Non, je ne crois pas. Il ne faut pas exagérer. Jérôme Fourquet parlait de "l'archipel français", la formule me paraît très juste. Il y a une communautarisation de la société et c'est vrai qu'on est dans ce moment où l'identité française est en question. Les Français eux-mêmes s'interrogent sur leur identité. Vous avez aujourd'hui une France qui est une mosaïque de communautés dont certaines veulent prendre le dessus. D'où l'existence des identitaires.

Le mot identitaire est intéressant d'ailleurs. Qu'est-ce qu'il veut dire ? Il veut dire qu'on est plus que nationaliste. On revendique une forme d'être là, une forme de présence au monde. On est dans ce moment épidermique identitaire qui pourrait profiter au populisme.

 

Vous ne croyez pas au risque d'explosion, au risque d'affrontements entre ces différentes France ?

 

Non, je ne crois pas. Les crises sociales ou les grands mouvements sociaux partent en général d'un élément déclencheur, comme un fait divers. Aux États-Unis, c'est un fait divers qui va déclencher une vague des émeutes raciales. En France, il manque le fait divers. Il y a eu l'affaire Traoré mais elle date de 2016 et c'est une affaire complexe. Ce n'est pas du tout aussi frappant que Floyd, où un homme en assassine un autre en direct devant des caméras, et où on assiste tous au film. Dans le cas de Traoré, les choses sont évidemment beaucoup plus compliquées.

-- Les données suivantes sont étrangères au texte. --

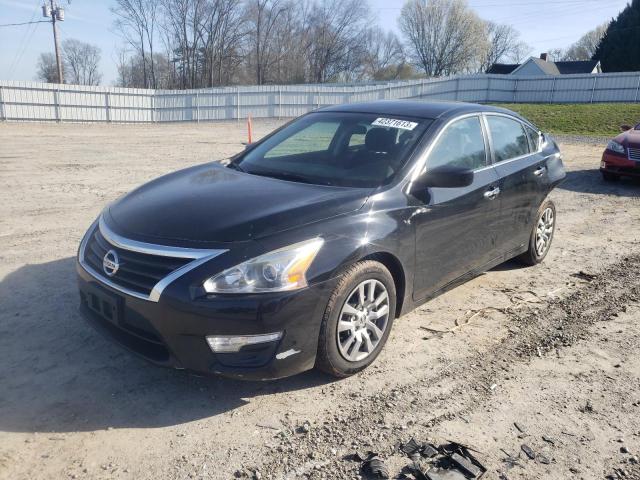 NISSAN ALTIMA 2.5 2015 1n4al3apxfn862443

Je ne crois pas qu'on aille vers une conflagration, vers une déflagration. Je pense que tout cela profite à l'extrême droite et indéniablement au populisme. Le populisme en France pourrait bien connaître un moment de gloire dans les années qui viennent. On risque de voir quelque chose qu'on voit aux États-Unis aujourd'hui, c'est qu'il y a deux France. Vous avez cette France des minorités qui font beaucoup de bruit, qui descendent dans la rue, tous ces groupes, ce mouvement, ce grouillement. Et puis, vous avez une espèce de France qui, elle, ne veut pas bouger et qui est très effrayée par cette agitation.

 

Face à tout cela, Emmanuel Macron a tardé à réagir mais il a fini par s'exprimer dimanche soir. Il a eu des mots forts contre le racisme. Il a eu des mots forts pour les policiers et les gendarmes. Il a formulé un refus net des déboulonnages de statues pour ne pas nier notre histoire. Le message est-il suffisant ?

 

Ce sont des choses différentes. Vous avez la dénonciation des violences racistes. Et là, évidemment, vous voyez bien l'outrance des slogans qui parlent d'un racisme policier systémique. Il ne faut pas exagérer, il y a des policiers racistes et heureusement beaucoup de policiers qui ne sont pas racistes. D'ailleurs, lors de l'arrestation d'Adama Traoré, certains des gendarmes étaient noirs. On peut dénoncer des violences policières, mais racistes ce n'est pas évident.

Quant à la dénonciation des violences policières, elle est uniquement le fait de l'extrême gauche et principalement de l'ultragauche qui est dans une tradition anarchiste de dénonciation de la police. On est dans quelque chose de très ancien qui est présent en permanence. Et j’insiste : tout cela est relativement minoritaire mais il y a des faits divers qui vont grossir le phénomène. Si on voulait essayer d'apporter un peu de sagesse, il faudrait dire que les gens qui crient "sales juifs" dans une manifestation antiraciste ne sont peut-être pas plus représentatifs que les policiers racistes. Il n'y a rien de systémique ni d'un côté ni de l'autre, il y a des extrémistes. Mais calmons le jeu dans la mesure où il s'agit quand même de groupes relativement minoritaires.